Rotini tuna casserole


  • 4 cups uncooked high-fiber rotini pasta or gluten-free rotini pasta
  • 1 cup frozen green peas

For sauce: 

  • 1 tbsp butter
  • ¾ cup diced yellow onions
  • ½ cup diced celery
  • 1 tsp minced garlic
  • ½ tsp dried tarragon
  • 1 can (10 oz/284 mL) reduced-sodium chicken broth, undiluted
  • 1 can (13 oz/370 mL) 2% evaporated milk
  • 2 tbsp all-purpose flour (see tip)
  • 1 tsp Dijon mustard
  • 1-1/2 tsp grated lemon zest
  • ¼ tsp each salt and freshly ground black pepper (or to taste)
  • ¾ cup packed shredded light Monterey Jack cheese (3 oz/85 g)
  • ½ cup freshly grated Parmesan cheese (2 oz/56 g)
  • 1 tbsp minced fresh dill
  • 1 can (6 oz/170 g) tuna, well drained
  • 1 can (6 oz/170 g) wild salmon, well drained


It is best to have all ingredients ready to go before starting. Chop the onions and celery, grate the cheeses, drain the canned fish, etc.

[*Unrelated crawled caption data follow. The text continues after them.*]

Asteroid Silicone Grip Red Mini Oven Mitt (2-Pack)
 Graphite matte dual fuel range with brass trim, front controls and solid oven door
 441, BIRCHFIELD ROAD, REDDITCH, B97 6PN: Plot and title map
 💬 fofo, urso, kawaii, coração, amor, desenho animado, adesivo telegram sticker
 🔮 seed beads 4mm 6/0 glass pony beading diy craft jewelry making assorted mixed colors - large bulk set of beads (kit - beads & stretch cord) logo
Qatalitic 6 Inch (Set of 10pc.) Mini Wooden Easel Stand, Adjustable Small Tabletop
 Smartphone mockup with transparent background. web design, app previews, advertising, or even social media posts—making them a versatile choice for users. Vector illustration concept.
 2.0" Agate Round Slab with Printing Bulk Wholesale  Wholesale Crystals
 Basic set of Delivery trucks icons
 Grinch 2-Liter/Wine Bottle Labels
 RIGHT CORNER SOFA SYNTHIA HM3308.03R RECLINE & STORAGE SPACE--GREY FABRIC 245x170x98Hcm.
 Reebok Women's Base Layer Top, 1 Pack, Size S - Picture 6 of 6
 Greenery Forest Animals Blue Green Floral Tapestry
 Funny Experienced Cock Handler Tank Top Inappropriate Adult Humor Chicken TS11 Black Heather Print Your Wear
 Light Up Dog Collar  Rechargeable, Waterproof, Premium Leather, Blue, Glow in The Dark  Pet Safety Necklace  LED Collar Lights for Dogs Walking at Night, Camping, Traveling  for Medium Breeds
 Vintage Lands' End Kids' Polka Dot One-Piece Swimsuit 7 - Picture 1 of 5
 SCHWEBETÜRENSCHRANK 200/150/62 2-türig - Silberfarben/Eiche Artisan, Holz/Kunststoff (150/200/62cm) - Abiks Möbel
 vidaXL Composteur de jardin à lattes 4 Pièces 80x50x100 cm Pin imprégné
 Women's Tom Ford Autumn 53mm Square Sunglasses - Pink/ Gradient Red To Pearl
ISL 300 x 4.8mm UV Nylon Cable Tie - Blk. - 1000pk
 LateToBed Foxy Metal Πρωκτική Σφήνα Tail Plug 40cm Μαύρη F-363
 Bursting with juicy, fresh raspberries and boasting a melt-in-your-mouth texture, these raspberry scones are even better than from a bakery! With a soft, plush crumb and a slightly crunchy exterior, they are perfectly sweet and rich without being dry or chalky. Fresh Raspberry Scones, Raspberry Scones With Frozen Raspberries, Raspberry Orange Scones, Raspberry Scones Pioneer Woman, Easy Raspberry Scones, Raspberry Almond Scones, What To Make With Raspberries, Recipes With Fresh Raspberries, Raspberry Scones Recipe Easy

In a large pot, cook pasta according to package directions, adding frozen green peas to pot during last two minutes of cooking time. Drain and keep warm.

Meanwhile, prepare sauce. Melt butter over medium heat in a large, non-stick pot. Add onions, celery and garlic. Cook and stir until vegetables are tender, about 4 minutes. Stir in tarragon and cook 30 more seconds. Add broth. Whisk together evaporated milk and flour until smooth. Add to pot. Cook and stir until sauce is bubbly and has thickened.

Stir in mustard, lemon zest, salt and pepper. Cook 1 more minute. Remove sauce from heat and stir in both cheeses until melted. Add drained tuna and salmon and mix well. Add drained noodles and peas and mix well. Serve hot with freshly ground black pepper on top.

Makes 4 dinner-sized or 6 lunch-sized portions

Per serving (based on 6 servings): 388 calories, 10.3 g total fat (4.9 g saturated fat), 28 g protein, 49 g carbohydrate, 6.5 g fibre, 50 mg cholesterol, 613 mg sodium

Recipe Tip: If you’re making this recipe gluten free, omit the flour and use 1 tbsp cornstarch or arrowroot powder to thicken the sauce.